Captioned web image data
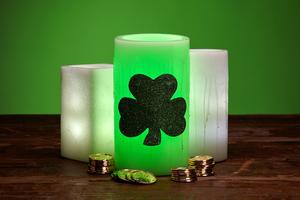 Real Wax Hollow Flameless Candles Illuminated White and Green - Lucky Candles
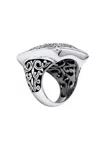 Bali Cross Scroll Rectangle Statement Overlay Ring In Silver In Metallic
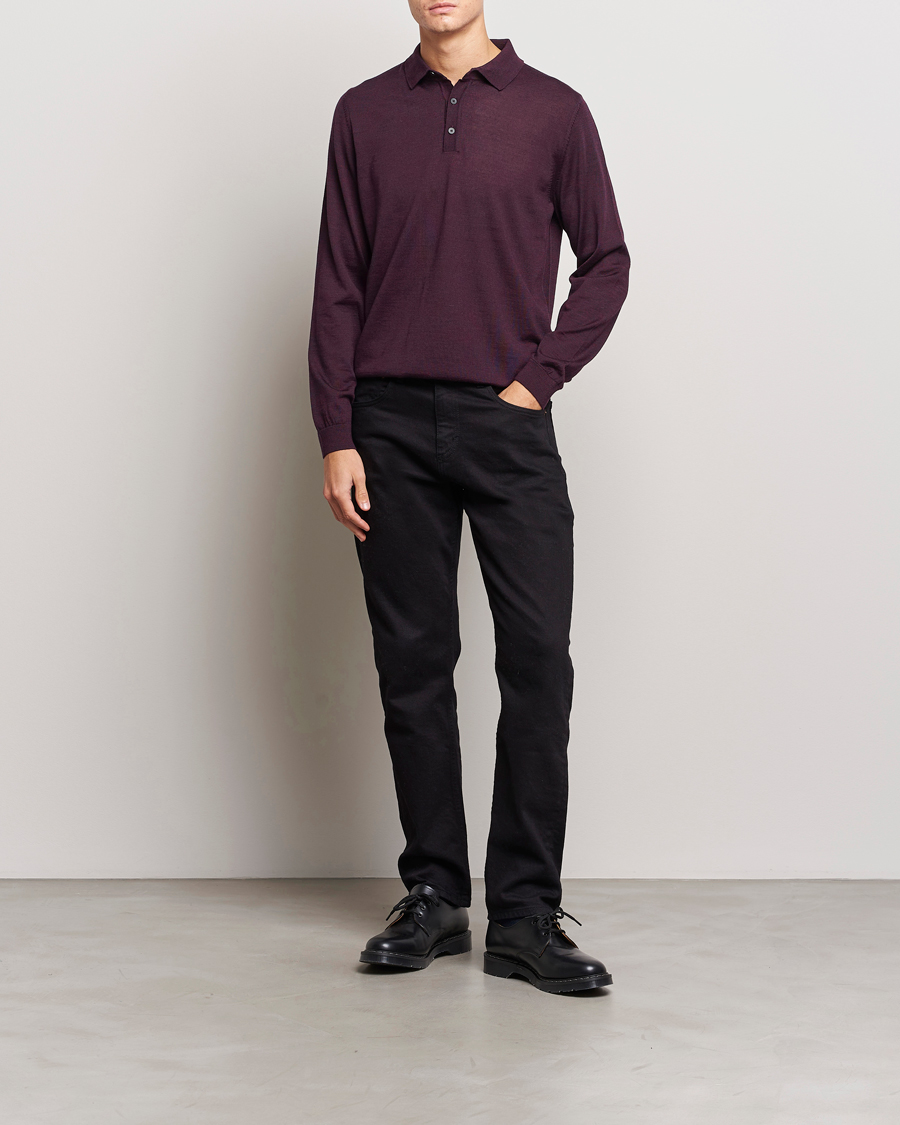 Men | Sweaters & Knitwear | BOSS BLACK | Lancione Merino Knitted Polo Dark Red
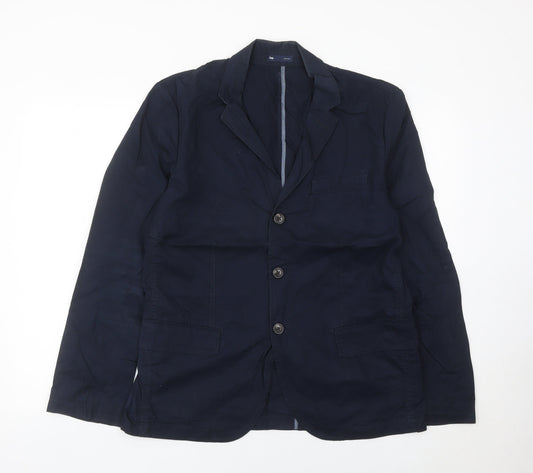 Gap Women Blue Cotton Single-Breasted Suit Jacket M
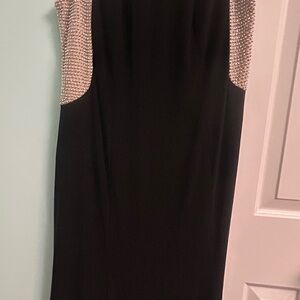 XSCAPE Black Rhinestone Embellished Evening Gown Formal/Mother of the Bride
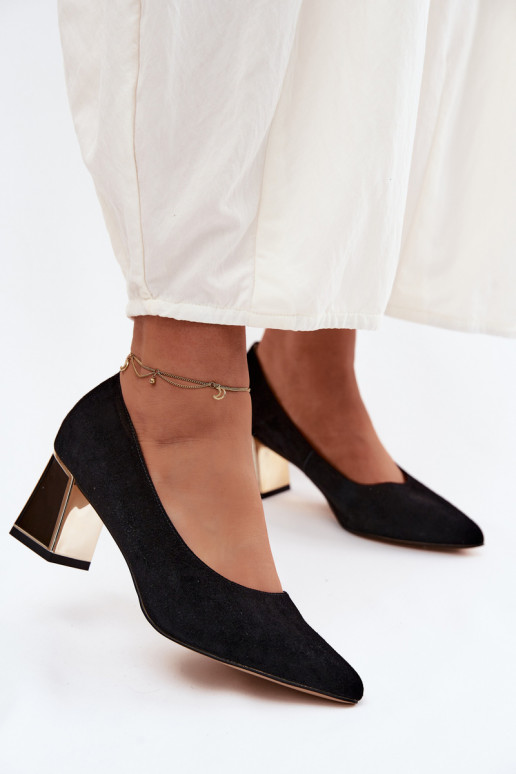 Vinceza Suede Heeled Shoes 66921 Black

PROBLEM DETAILS =>
Return only the lines from the one containing "Bali Cross Scroll" through the last line of the entries above, exactly as written and without pictures.

EXERCISE RESPONSE =>
 Bali Cross Scroll Rectangle Statement Overlay Ring In Silver In Metallic
 Men | Sweaters & Knitwear | BOSS BLACK | Lancione Merino Knitted Polo Dark Red
 Gap Women Blue Cotton Single-Breasted Suit Jacket M
 XSCAPE Black Rhinestone Embellished Evening Gown Formal/Mother of the Bride
 Vinceza Suede Heeled Shoes 66921 Black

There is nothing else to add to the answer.